As a kid, I can’t even remember how many times a teacher scolded me in class because I believed the class was moving too slowly for me and I started day-dreaming or sketching. Those are the first instances during which I remember feeling such frustration.

The frustration of teamwork develops early in smart kids and it gets triggered throughout life. Raw emotional spots developed in childhood often cause an outsized internal reaction when rubbed in adulthood.

As a result, smart entrepreneurs will often prefer working by themselves. Even when they have to work in teams, they do so with a sort of reticence that makes them incapable of giving their whole focus to the team.

Moreover, smart entrepreneurs will generally have an issue with delegating tasks. Because they value their intelligence and are often perfectionists, they always think they should be the ones doing the work if they want to see the results they envision.

Understanding and compassion are the most important qualities to avoid falling into this trap. Be compassionate towards your internal gears and reactions and understand where they come from. This will take a lot of reflection but will free your mind of self-sabotaging ideas.

As a species, we need to learn what different minds can bring to the table while fully acknowledging that different brains function in different manners. Intelligence can take many forms, and no one is intelligent in all regards.

They attach their self-esteem to their intelligence

Photo by Ethan Sykes on Unsplash

Whenever we attach our self-esteem to our intelligence, it becomes extremely difficult for us to be in situations that challenge us intellectually. Anything that can burst the bubble of our divine intellect is a hit to our ego, and a hit hard to recover from.

Remember the last time you were in the same room with people more skilled or knowledgeable than you, or when you received critical feedback, or even when you took a risk and failed. Did your self-esteem take a hit?

In the long run, any situation that makes you doubt your intellect will become threatening. The result is an unhealthy avoidance of any such situations, which will definitely lead to you holding yourself back because of fear and ego.

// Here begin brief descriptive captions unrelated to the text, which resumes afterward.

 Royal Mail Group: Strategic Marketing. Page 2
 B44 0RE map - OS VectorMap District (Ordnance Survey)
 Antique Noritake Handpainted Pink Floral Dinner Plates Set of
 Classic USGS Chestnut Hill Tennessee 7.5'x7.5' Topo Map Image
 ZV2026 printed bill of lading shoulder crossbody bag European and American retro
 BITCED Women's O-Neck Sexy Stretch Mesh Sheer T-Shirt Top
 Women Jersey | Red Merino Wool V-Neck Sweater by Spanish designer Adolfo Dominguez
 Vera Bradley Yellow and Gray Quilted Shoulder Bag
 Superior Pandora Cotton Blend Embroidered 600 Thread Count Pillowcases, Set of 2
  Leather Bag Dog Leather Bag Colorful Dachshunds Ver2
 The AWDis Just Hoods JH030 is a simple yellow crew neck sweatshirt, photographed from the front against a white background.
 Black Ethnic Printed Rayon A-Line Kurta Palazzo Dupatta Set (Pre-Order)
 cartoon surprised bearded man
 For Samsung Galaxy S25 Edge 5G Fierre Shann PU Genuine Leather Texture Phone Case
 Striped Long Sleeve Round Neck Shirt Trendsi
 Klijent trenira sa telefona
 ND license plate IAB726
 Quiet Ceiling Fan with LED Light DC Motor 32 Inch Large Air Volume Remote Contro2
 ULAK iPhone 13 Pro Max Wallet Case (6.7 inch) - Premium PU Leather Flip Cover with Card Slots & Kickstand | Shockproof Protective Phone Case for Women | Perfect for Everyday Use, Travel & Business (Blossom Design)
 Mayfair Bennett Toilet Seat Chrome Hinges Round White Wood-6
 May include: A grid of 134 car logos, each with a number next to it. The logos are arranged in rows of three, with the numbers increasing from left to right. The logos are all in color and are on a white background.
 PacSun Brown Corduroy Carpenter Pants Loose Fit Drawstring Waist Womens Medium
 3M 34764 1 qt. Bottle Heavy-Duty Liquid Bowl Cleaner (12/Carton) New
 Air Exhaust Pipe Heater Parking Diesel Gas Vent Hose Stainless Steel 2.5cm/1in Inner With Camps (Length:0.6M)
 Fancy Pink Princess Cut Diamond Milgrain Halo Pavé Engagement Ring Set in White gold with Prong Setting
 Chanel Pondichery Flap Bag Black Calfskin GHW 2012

In an era when knowledge has become so easily accessible, we need to relearn how to learn. Every person we meet can undoubtedly teach us something new.

If you think you fell or are falling into this trap, you need to objectively assess the benefits of surrounding yourself with people who are smarter and more skilled than you. Having smart people around means you are doing something right.

Learn how to develop relationships with people that you trust will give you honest and constructive feedback. When you find people who trust your capacities and talent, you will become accustomed to receiving meaningful feedback.

They love overthinking everything

Smart people are used to succeeding through their thinking skills, so they naturally think that is the way to go on about life. Sadly, they often overlook when a different approach would be more beneficial when dealing with a challenge, a decision, or a hurdle.

When faced with a difficult situation, smart people will over-research every possible option and ruminate on every past mistake. That is because they are convinced that thinking about things is the optimal way to reach a solution.

Instead, try being conscious about your thinking and know when it turns into an unhealthy obsession. There are so many other strategies you could be using to reach decisions and solutions: consider taking a real break to get unstuck or learning by doing instead of exhaustive research.

If you don’t expand your range of skills of reaching insights, you will always see problems as nails because you only have a hammer. Remember that one tool cannot serve all purposes.

Final thoughts

Many people fall into this line of thinking because we were brought up in a fast-developing world where intelligence and hard-work were, at a time, a winning combination. We end up focusing on the one strength we deem as our greatest and forget to navigate other necessary skills.

But, worry not, as even the most longstanding and deepest psychological patterns can be turned around with a targeted and practical problem-solving approach.